# LISTED ENTRIES

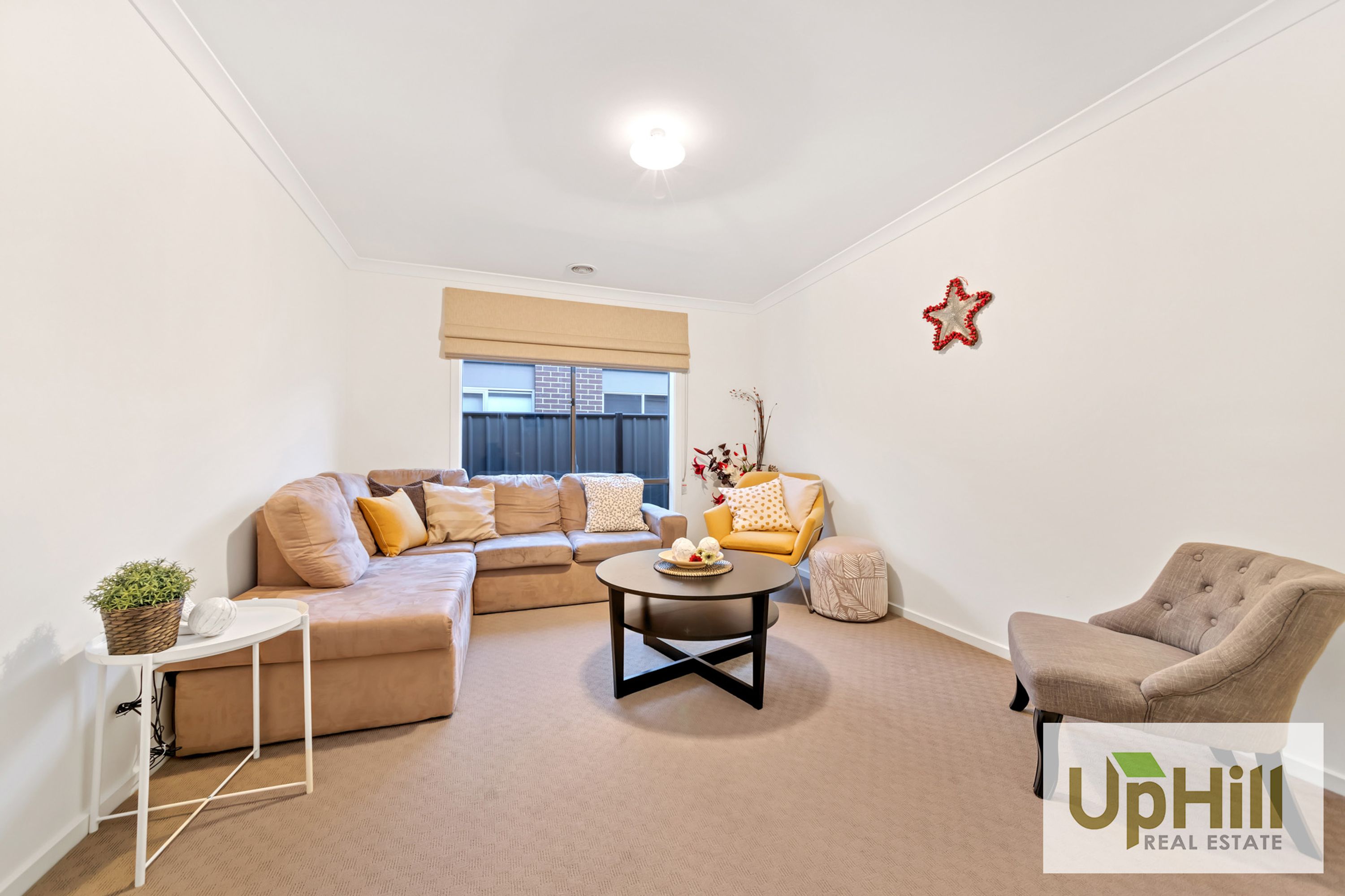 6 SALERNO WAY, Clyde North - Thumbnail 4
--
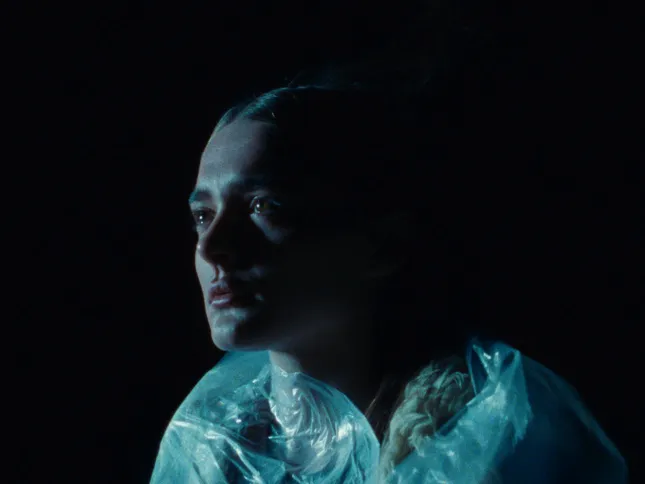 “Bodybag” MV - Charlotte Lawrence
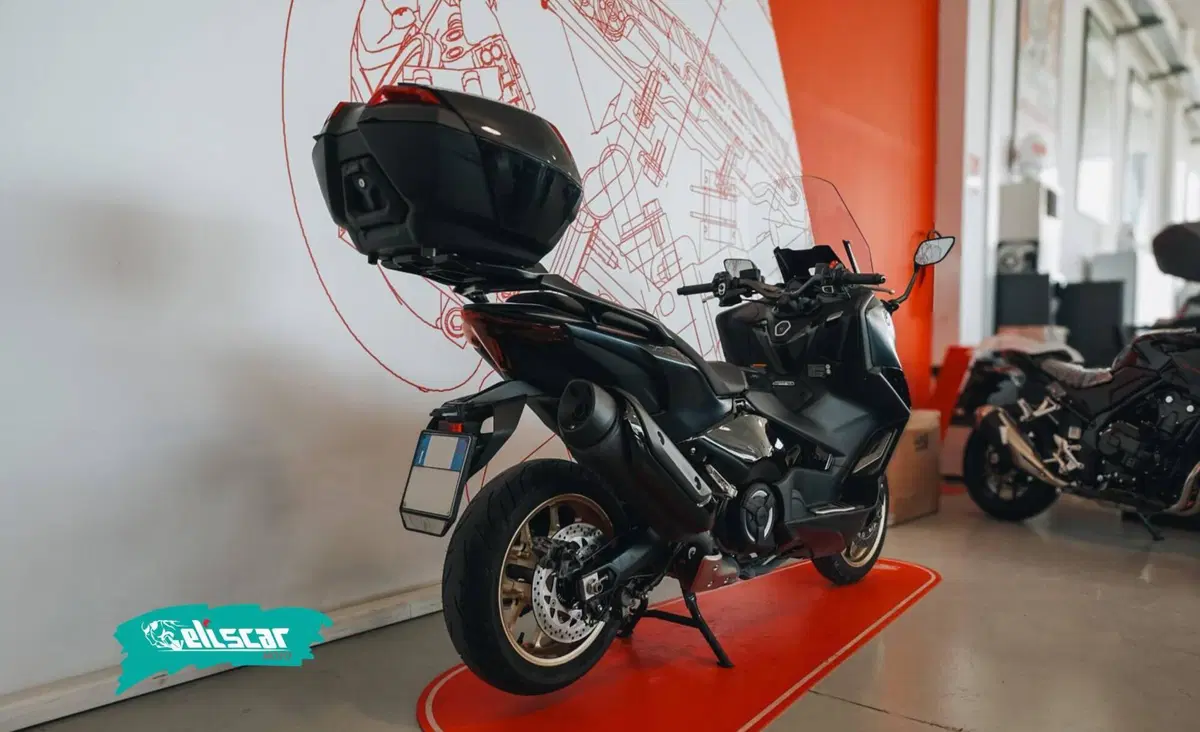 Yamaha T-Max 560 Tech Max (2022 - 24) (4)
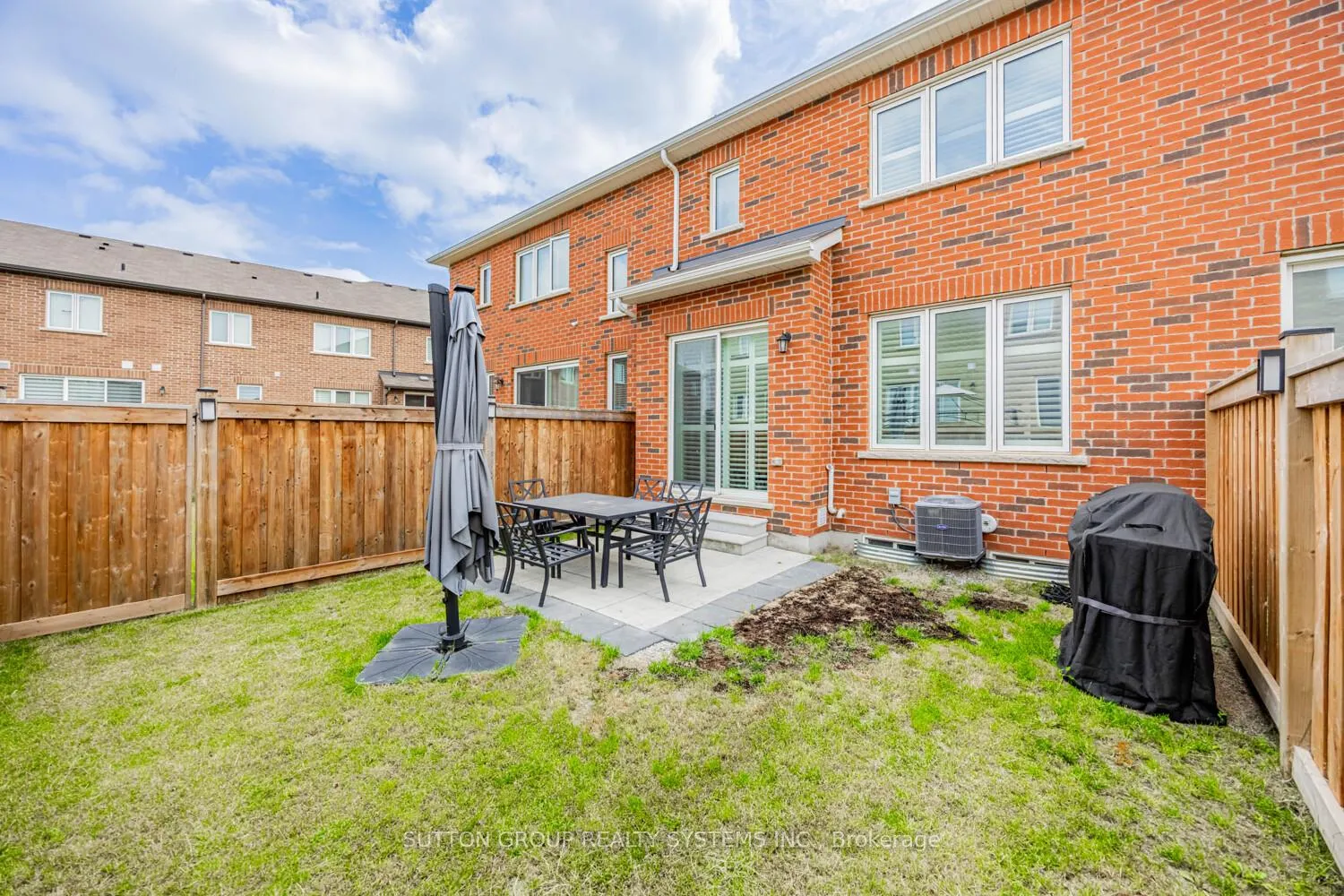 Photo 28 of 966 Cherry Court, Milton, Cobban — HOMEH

# WHAT YOU ARE ASKED TO DO
Within the material above, only the stretch from the line holding "Yamaha T-Max 560 Tech Max (2022 - 24) (4)" through the line holding "Photo 28 of" is to be restated exactly. Pictures are dropped.

# RESPONSE TO THIS EXERCISE
 Yamaha T-Max 560 Tech Max (2022 - 24) (4)
 Photo 28 of 966 Cherry Court, Milton, Cobban — HOMEH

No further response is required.